Before the resource was depleted, my understanding is the Atlantic halibut were larger than their Pacific cousin. I've never caught one off the coast of Maine.
Most of my halibut fishing was done off Deep Creek which is where most of the Anchorage population goes to fish for them. The running tide in Cook Inlet is insane. Anchoring offshore when the tide is running is like a Nantucket sleigh ride. Halibut fishing is a lot of fun and a great eating fish.
She ain't what she used to be. Get them while they last.
December 2018
"Alaska fishermen are bracing for more cuts to their halibut harvest next year.
The results of this year’s surveys showed that the Pacific stock from California to the Bering Sea continues to decline, and will likely result in lower catches.
“We estimate that the stock went down until around 2010 from historical highs in the late 1990s. It increased slightly over the subsequent five years and leveled out around 2015 or 2016, and has been decreasing slowly in spawning biomass (total weight of mature fish to catch) since then,” said Ian Stewart, lead stock assessment scientist with the International Pacific Halibut Commission at its interim meeting last week in Seattle."
Feb 2019
"The overall catch limit of 38.61 million pounds is slightly up from the 2018 quota — about 1.4 million pounds more. That’s up from 29.9 million pounds in 2016 and from 31.4 million pounds in 2017. Total removals in 2018, including bycatch in nontarget fisheries, added up to about 38.7 million pounds.
Last year, the commissioners from the U.S. and Canada could not come to an agreement about how to reduce halibut catches in Pacific waters and adjourned their meeting with no agreement.
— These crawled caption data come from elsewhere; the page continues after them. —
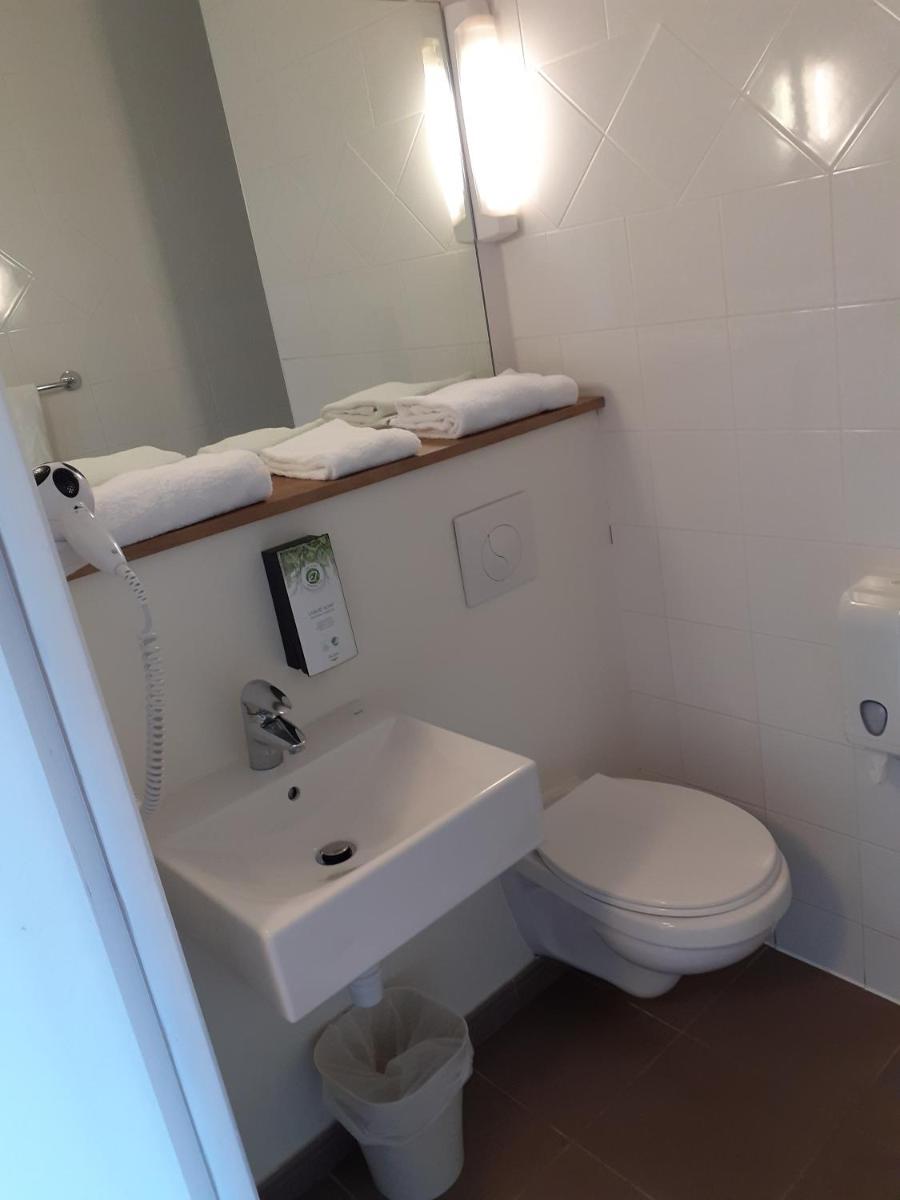 Salle de bains dans l'établissement Kyriad Carcassonne - Aéroport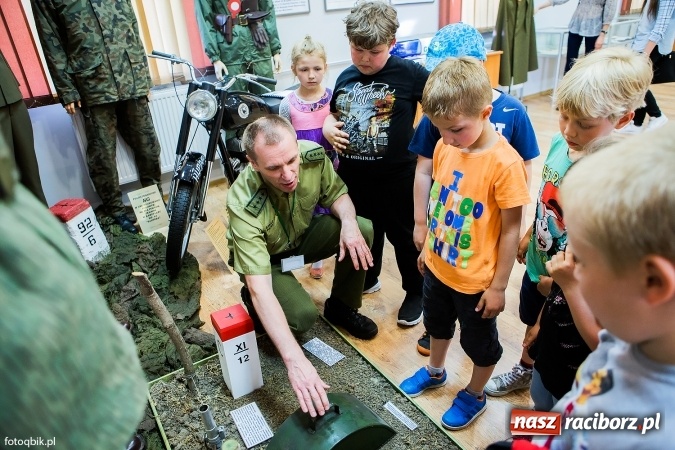 Zdjęcie w galerii na portalu naszraciborz.pl: Straż Graniczna od kuchni, czyli Dzień Otwartych Koszar wiadomości z regionu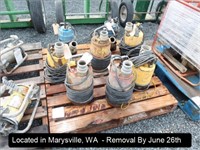 LOT, (8) ASSORTED SUBMERSIBLE SUMP PUMPS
Each individual country handled its catch limits, as long as they were no higher than the 2017 limits the commissioners last agreed on. The commissioners noted multiple times that they needed to work together this year.
The increase in the overall catch limit follows a trend of the commission increasing the quotas, despite warnings from the IPHC researchers that the halibut surveys indicate that the stock is decreasing and reductions in the fishery levels are necessary for sustainability."